Once this is done, I can use pandas to simply read the file and create a dataframe!

         web_source = requests.get(url)
         
         with open(file_name, 'wb') as i:
            i.write(web_source.content)
            
         my_dataframe = pandas.read_csv(filename)

Question 9:

The pandas apply() function allows a particular function to be applied repeatedly throughough a dataframe. It allows users to specify which axis to apply the function using the axis argument (axis=0 for rows and axis=1 for columns). Instead of applying it to each individual “cell” within the dataframe, it allows operations to be performed in bulk.

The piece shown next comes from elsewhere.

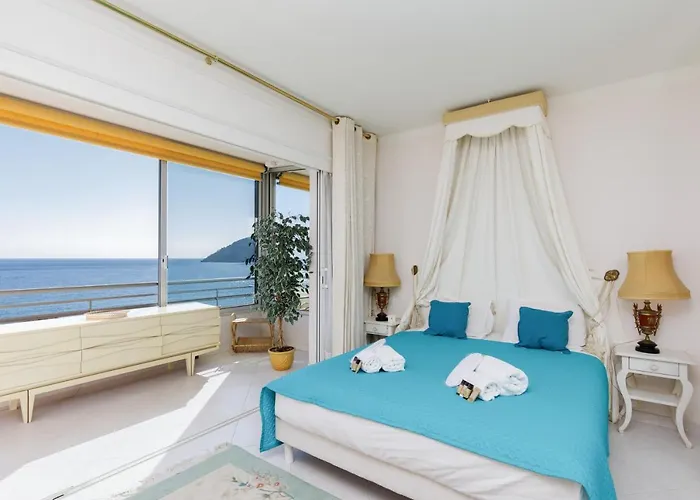 L'esterel Yourhosthelper 公寓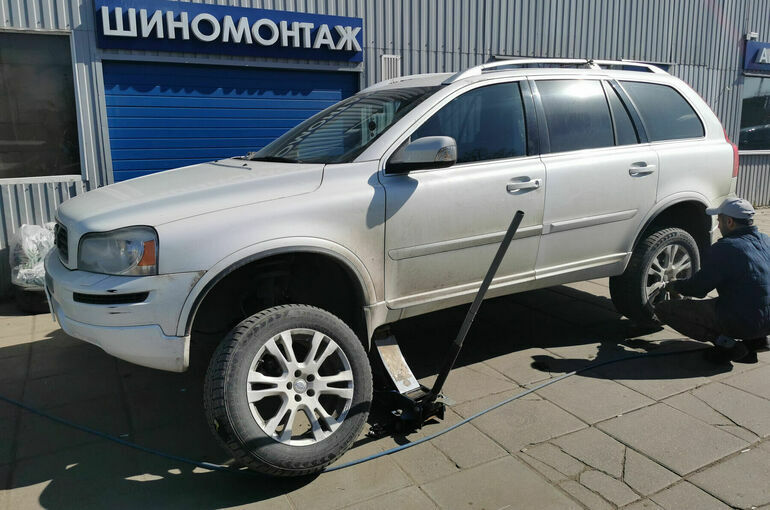 Эксперт рассказал, когда лучше поменять летние шины на зимние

Alternatively, a user may execute a for loop to visit each cell in a series, though this is less preferable as it requires more lines of code. The apply() function essentially allows us to execute a for loop across the contents of a series, applying an operation to each item in the series as the function iterates through.

Question 10:

Instead of using iloc to subset a number of variables to a new data frame, a user may prefer to use logical operators to group together and select for desired conditions, then use [] brackets to subset a a dataframe by filtering out columns or rows that don’t meet the required criteria.

First, we would set a conditional (or series of conditionals, if needed), such as dataframe['Column']=='Contains_This'. Then, we could select each row in this column for which this conditional is True by setting this equal to the original dataframe (or a copy!):

         filtered_dataframe = dataframe[dataframe['Column']=='Contains_This']

The resulting dataframe filtered_dataframe will filter through the rows in column Column that contain the variable Contains_This.